(Task brief) The answer is the exact run of lines in the listing below from the line containing "A man wearing" up to and including the line containing "bedroom featuring carpet", with pictures removed.

(Dataset records)

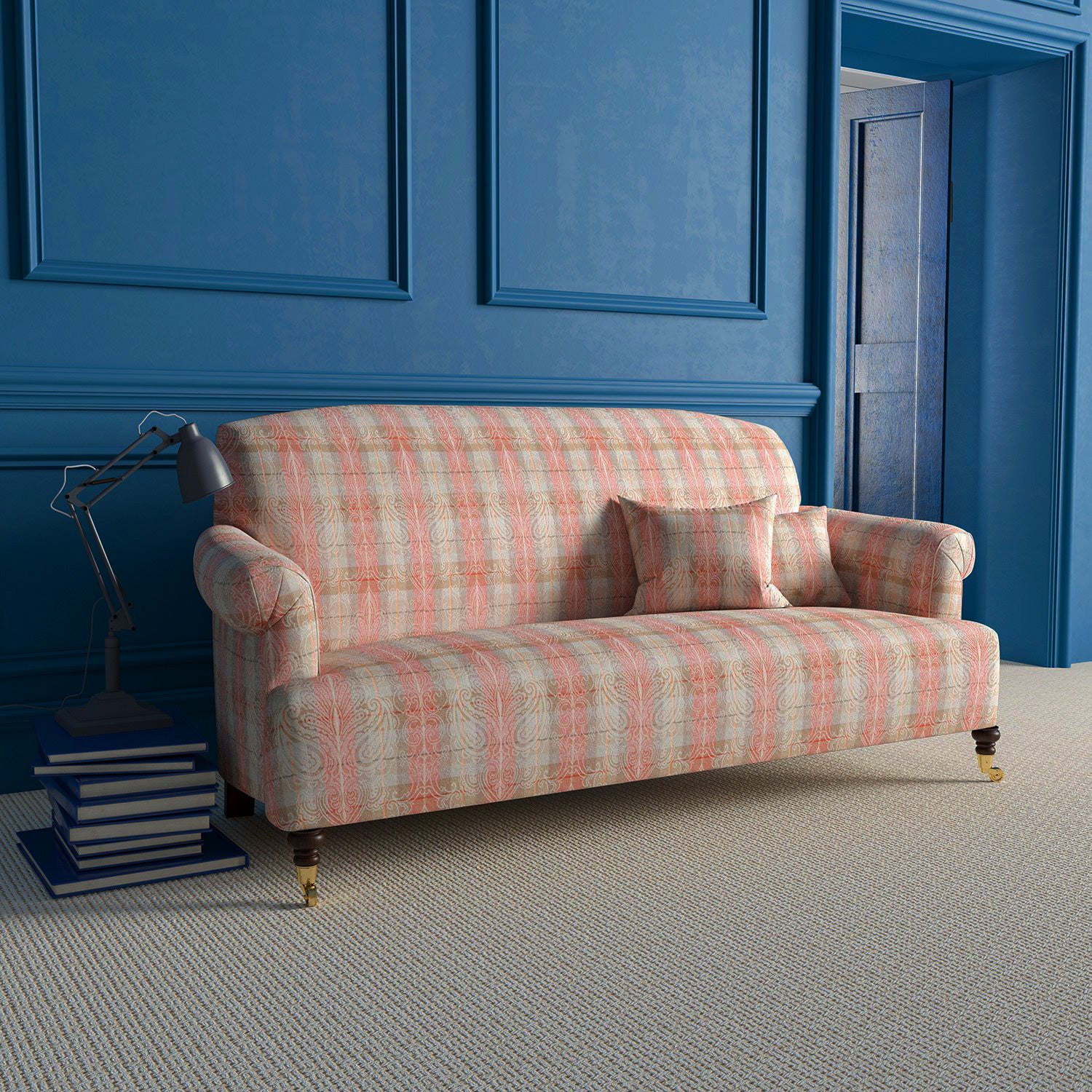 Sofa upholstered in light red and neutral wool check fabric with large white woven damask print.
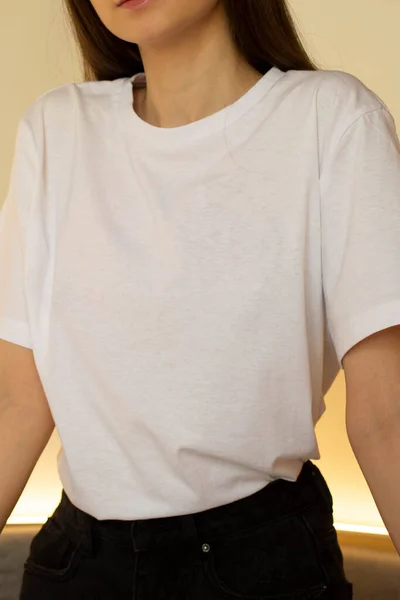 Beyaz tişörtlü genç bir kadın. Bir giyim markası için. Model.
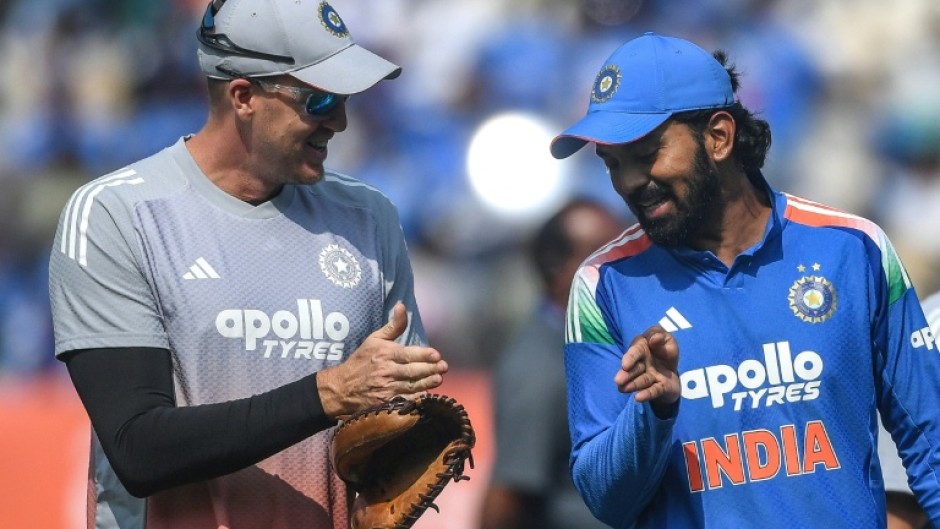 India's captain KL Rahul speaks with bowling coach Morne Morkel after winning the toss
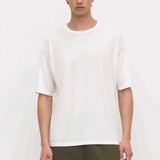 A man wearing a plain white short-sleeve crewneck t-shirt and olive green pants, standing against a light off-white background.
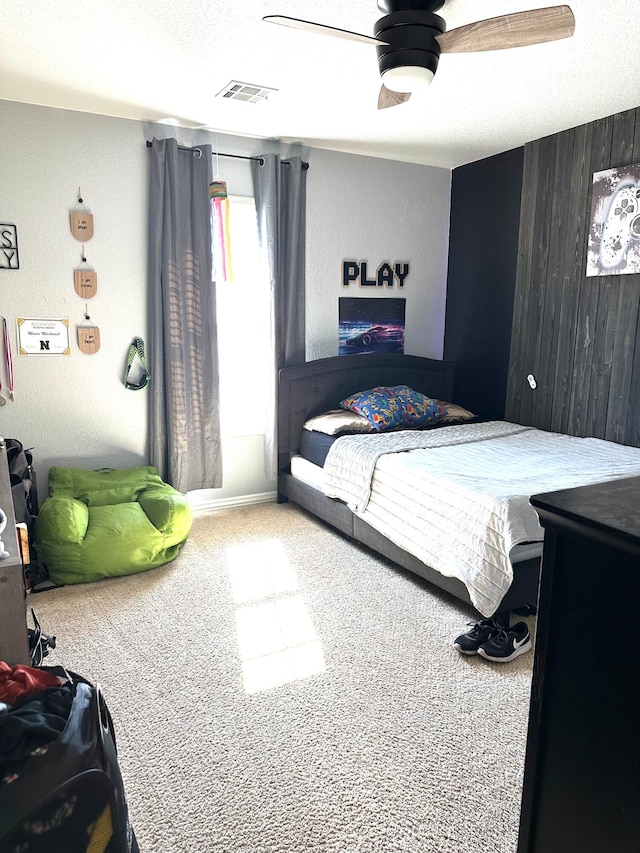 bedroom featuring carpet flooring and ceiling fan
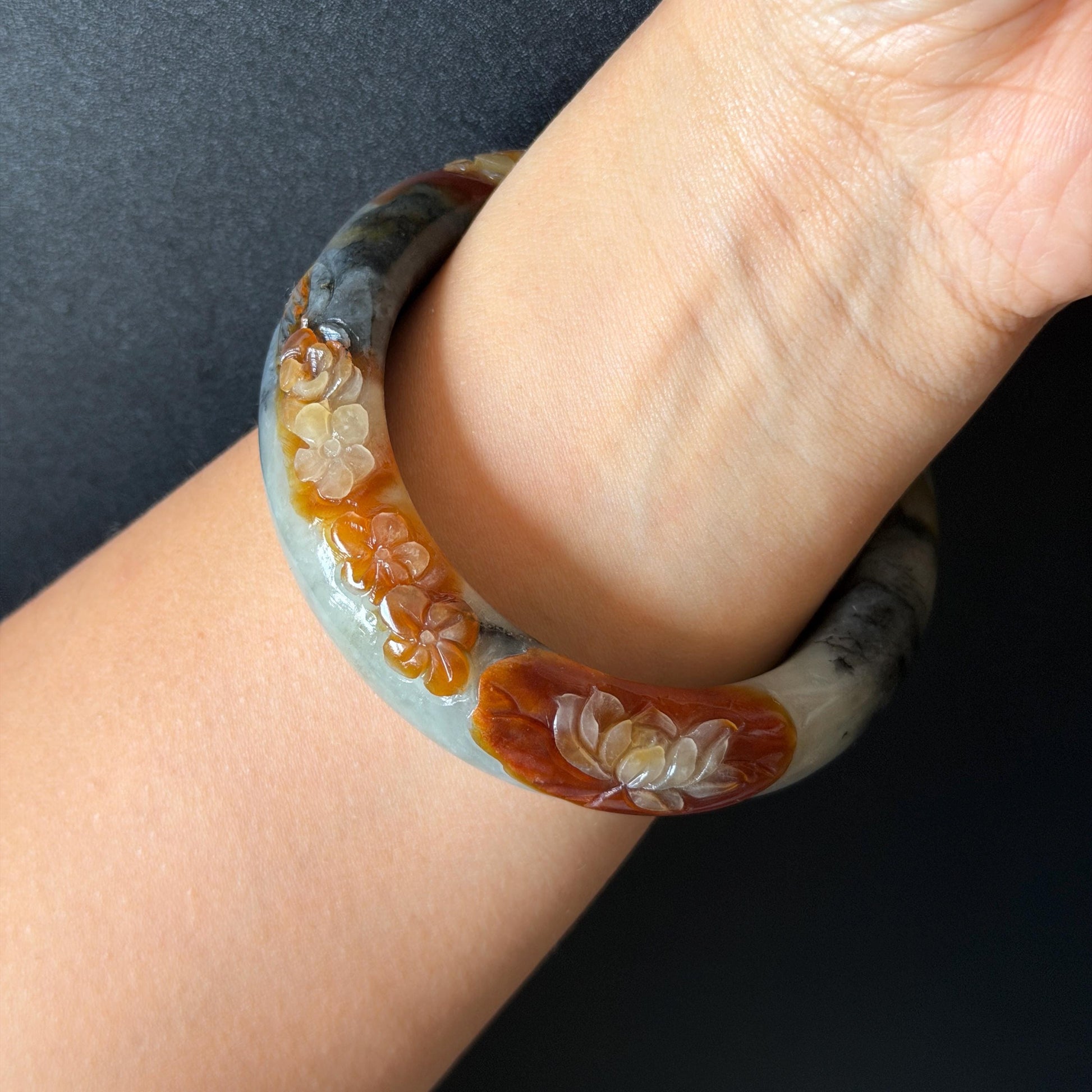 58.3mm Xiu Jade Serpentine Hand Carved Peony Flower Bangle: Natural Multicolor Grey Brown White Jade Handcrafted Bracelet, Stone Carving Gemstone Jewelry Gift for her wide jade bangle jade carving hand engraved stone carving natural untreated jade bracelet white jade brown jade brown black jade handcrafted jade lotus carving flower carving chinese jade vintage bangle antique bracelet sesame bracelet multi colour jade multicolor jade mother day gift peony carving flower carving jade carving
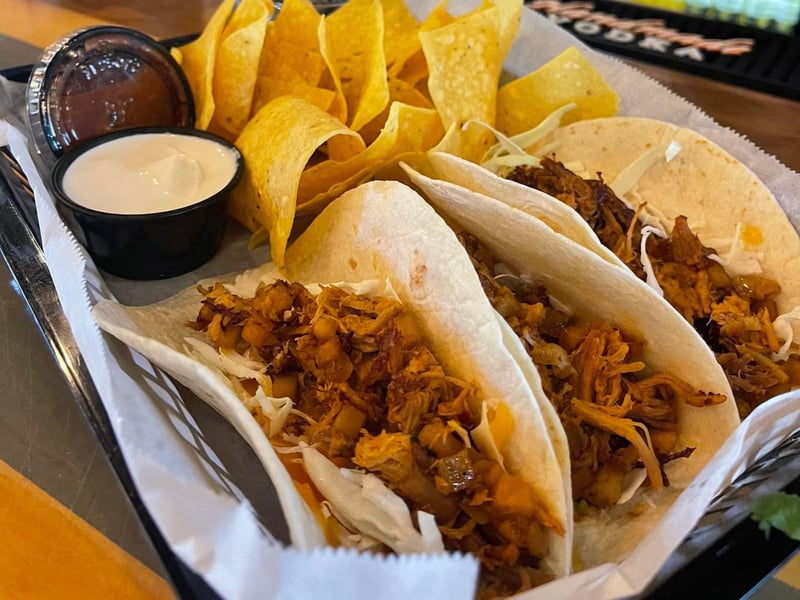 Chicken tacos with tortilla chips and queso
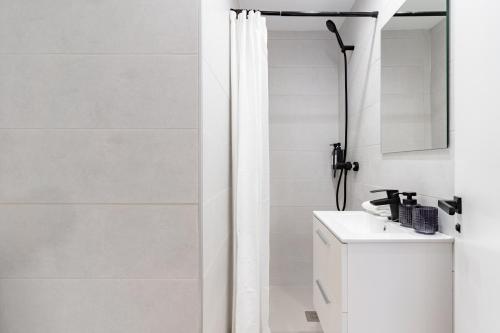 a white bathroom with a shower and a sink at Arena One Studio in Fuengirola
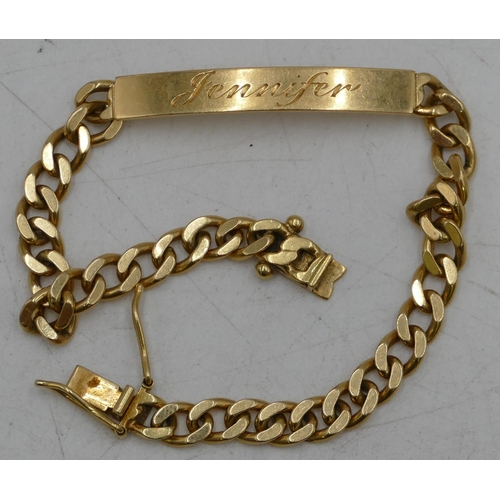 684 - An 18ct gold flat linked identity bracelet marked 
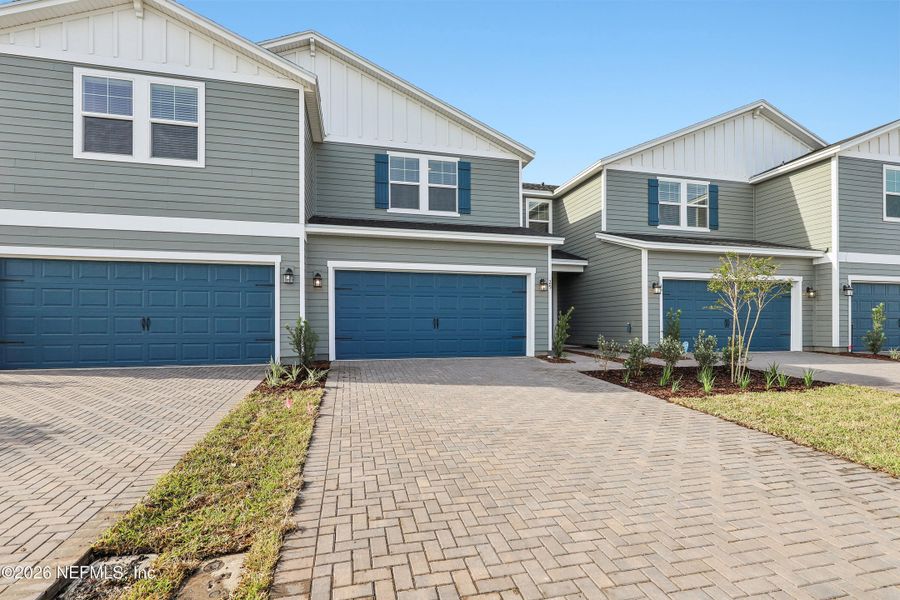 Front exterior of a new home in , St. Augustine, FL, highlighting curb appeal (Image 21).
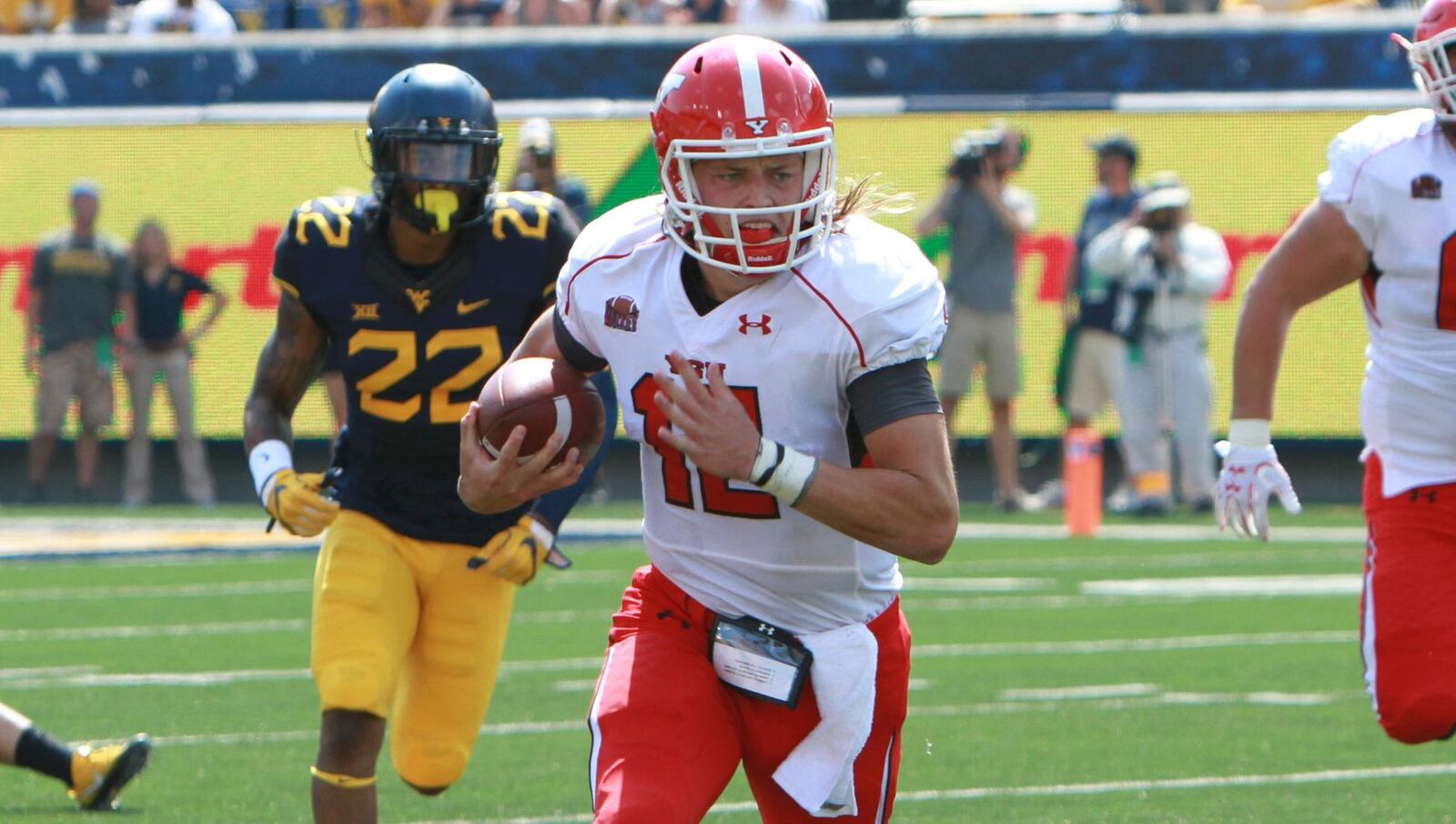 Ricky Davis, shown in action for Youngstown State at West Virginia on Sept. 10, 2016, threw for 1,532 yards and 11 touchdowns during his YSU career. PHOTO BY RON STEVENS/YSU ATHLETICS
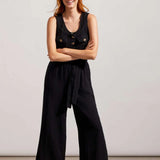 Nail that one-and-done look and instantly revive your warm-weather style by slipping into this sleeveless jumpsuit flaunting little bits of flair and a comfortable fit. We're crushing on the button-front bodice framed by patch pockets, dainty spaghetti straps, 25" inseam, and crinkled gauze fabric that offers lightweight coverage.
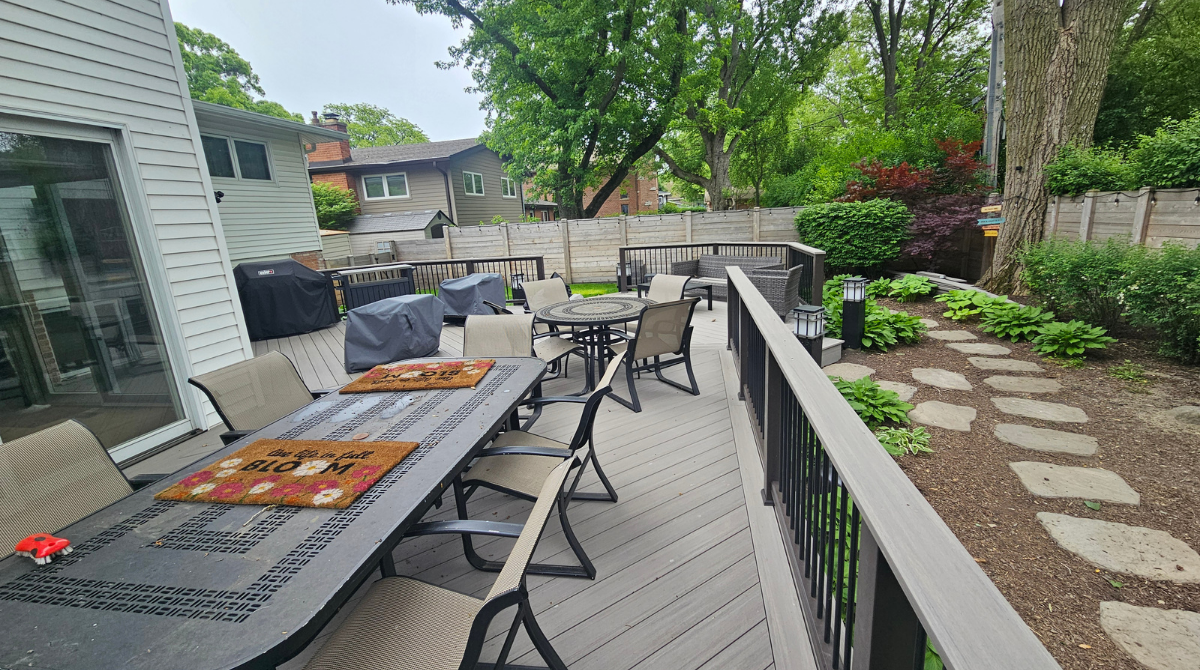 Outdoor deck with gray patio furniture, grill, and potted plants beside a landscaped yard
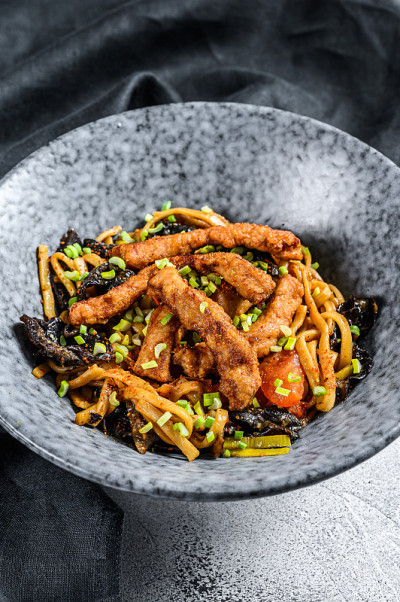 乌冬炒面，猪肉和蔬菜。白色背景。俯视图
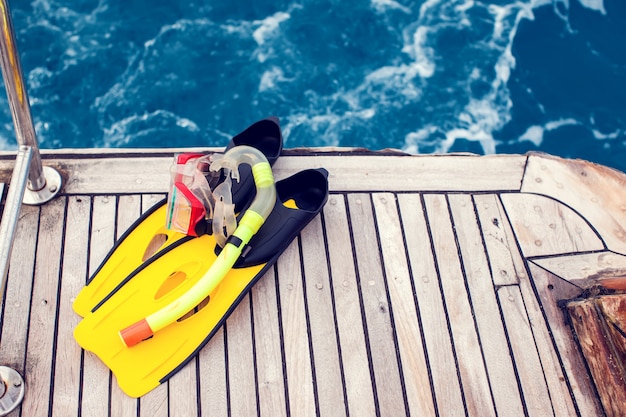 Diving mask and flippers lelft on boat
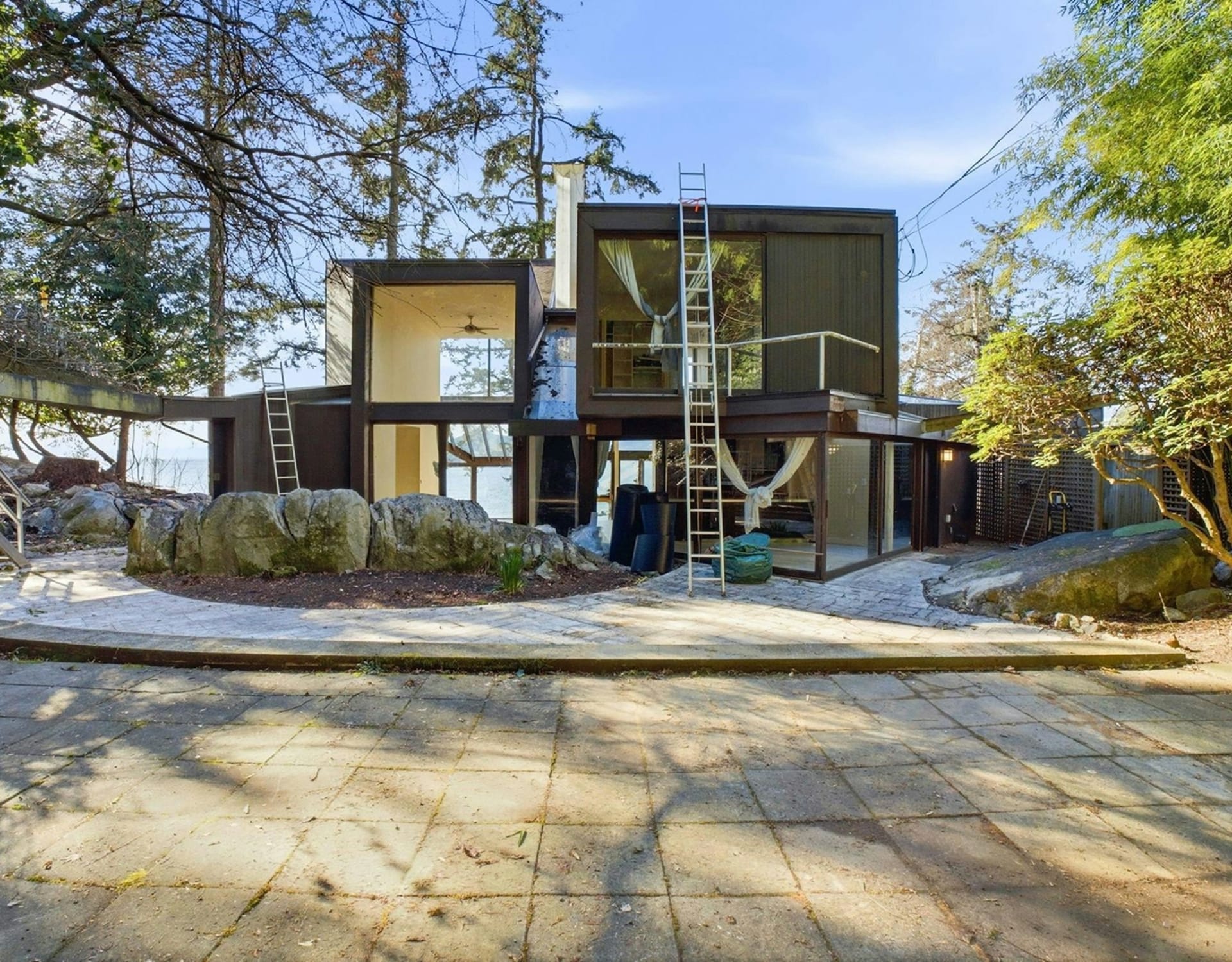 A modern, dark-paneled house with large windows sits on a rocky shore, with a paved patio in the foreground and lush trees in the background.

(Answer to the problem)
 A man wearing a plain white short-sleeve crewneck t-shirt and olive green pants, standing against a light off-white background.
 bedroom featuring carpet flooring and ceiling fan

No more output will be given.